- **Task to complete**: Copy exactly, and only, the lines from the one with "dark empty hall" to the end of the listing; omit pictures.
________________________
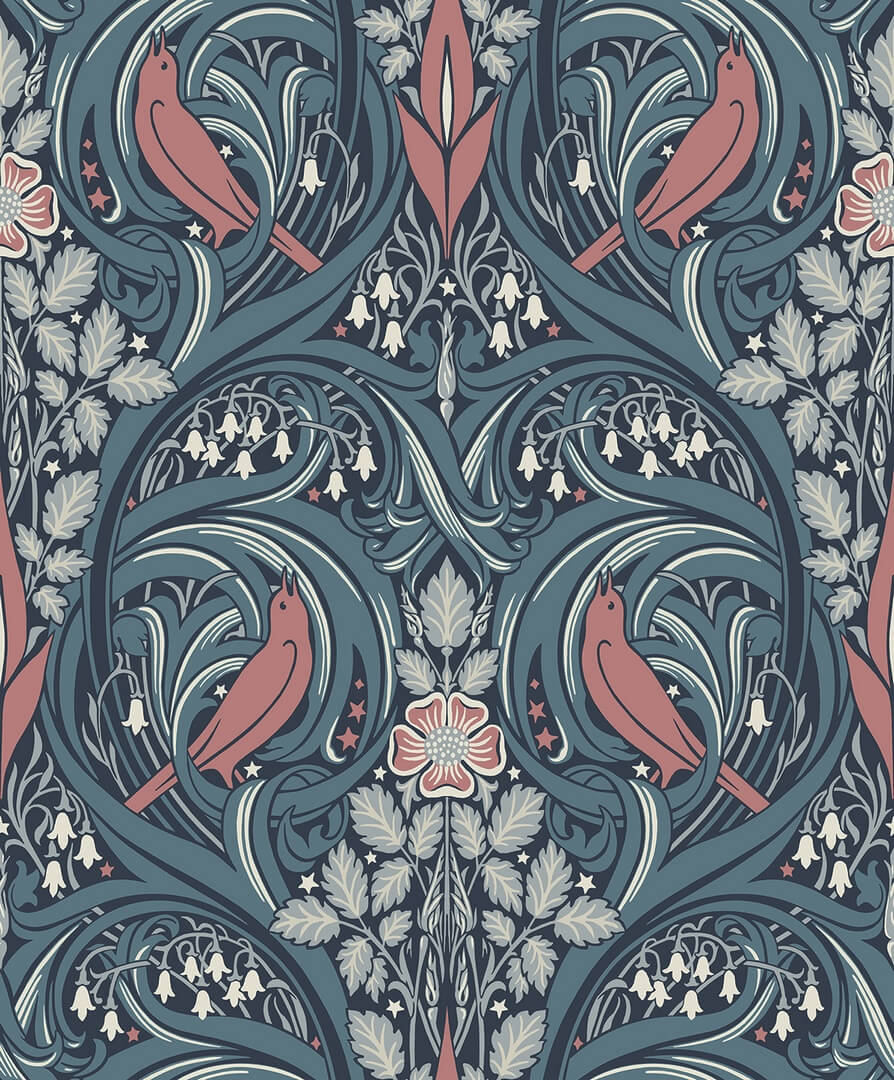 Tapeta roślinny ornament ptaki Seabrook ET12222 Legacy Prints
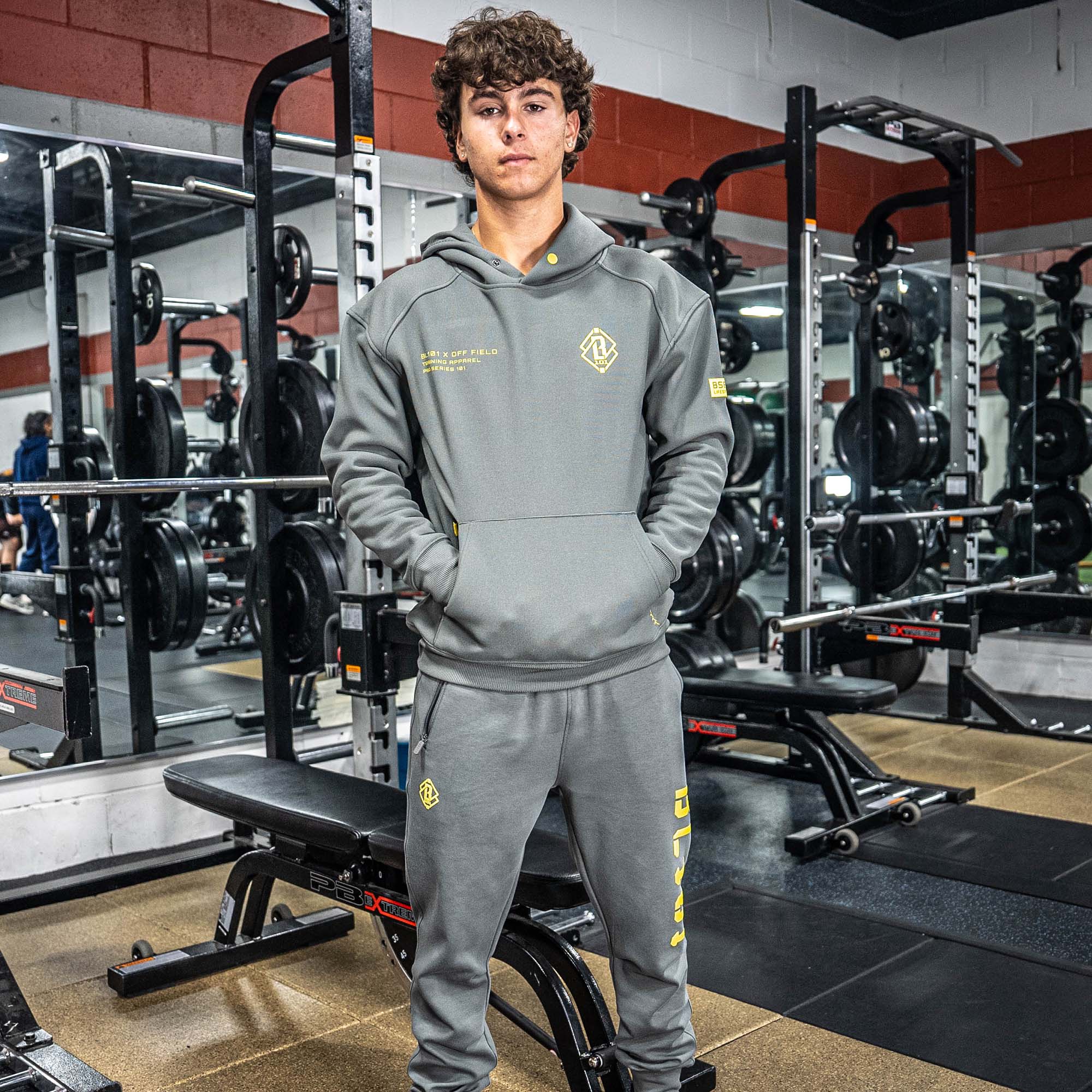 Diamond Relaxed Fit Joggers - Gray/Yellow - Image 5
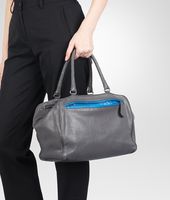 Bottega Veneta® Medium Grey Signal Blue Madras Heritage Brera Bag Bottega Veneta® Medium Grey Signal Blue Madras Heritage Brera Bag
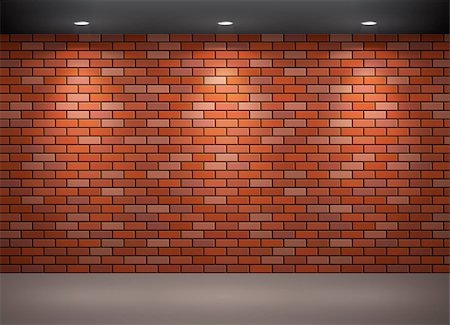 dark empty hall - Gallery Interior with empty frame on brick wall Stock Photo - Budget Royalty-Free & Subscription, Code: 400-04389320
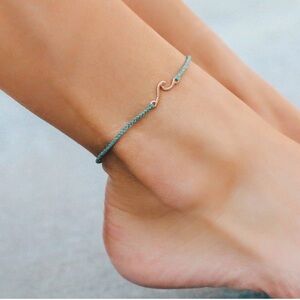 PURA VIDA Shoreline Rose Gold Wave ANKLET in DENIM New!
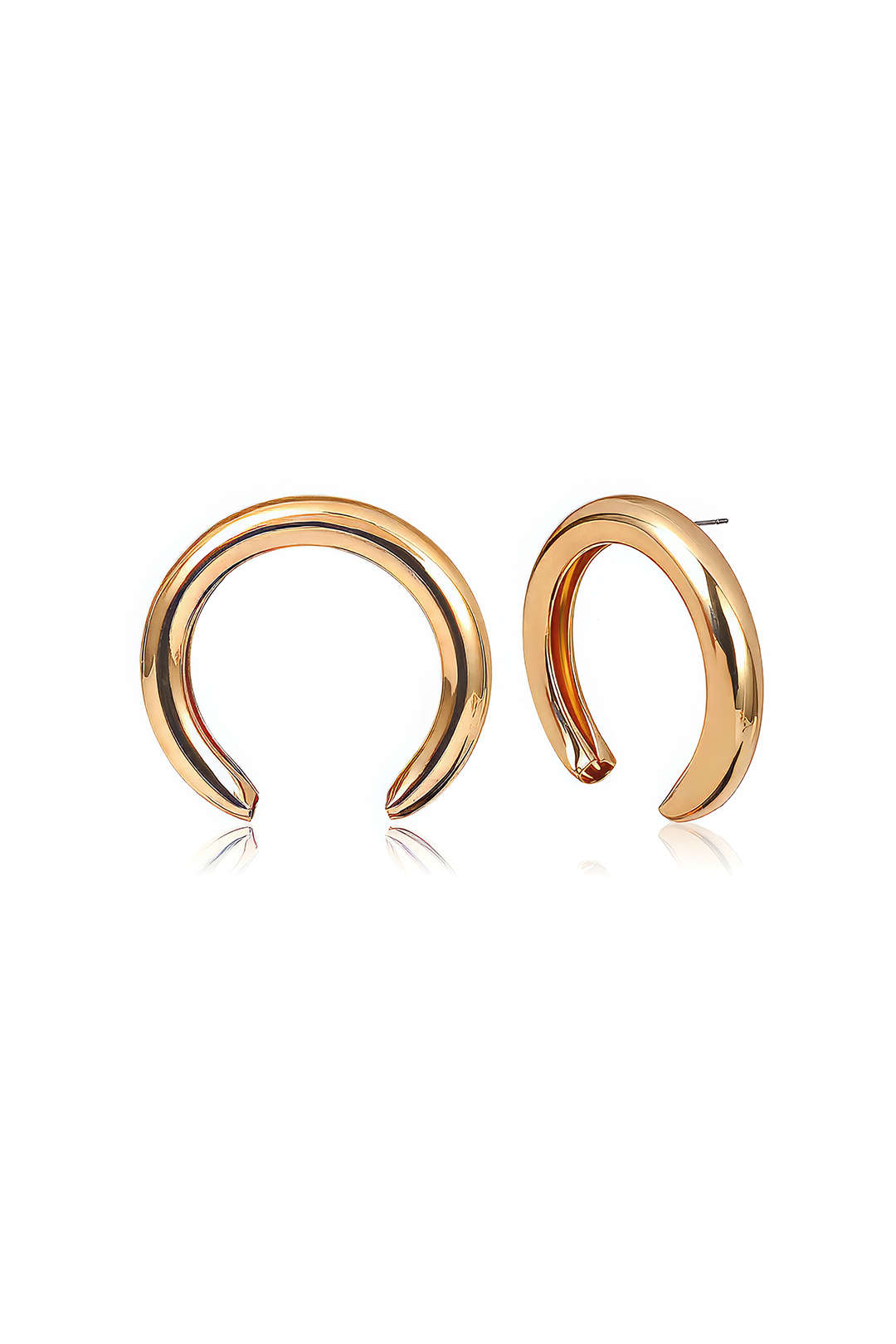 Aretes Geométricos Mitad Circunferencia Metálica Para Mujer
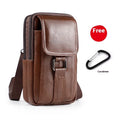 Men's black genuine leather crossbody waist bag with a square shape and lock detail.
________________________
- **Result of the exercise**:
 dark empty hall - Gallery Interior with empty frame on brick wall Stock Photo - Budget Royalty-Free & Subscription, Code: 400-04389320
 PURA VIDA Shoreline Rose Gold Wave ANKLET in DENIM New!
 Aretes Geométricos Mitad Circunferencia Metálica Para Mujer
 Men's black genuine leather crossbody waist bag with a square shape and lock detail.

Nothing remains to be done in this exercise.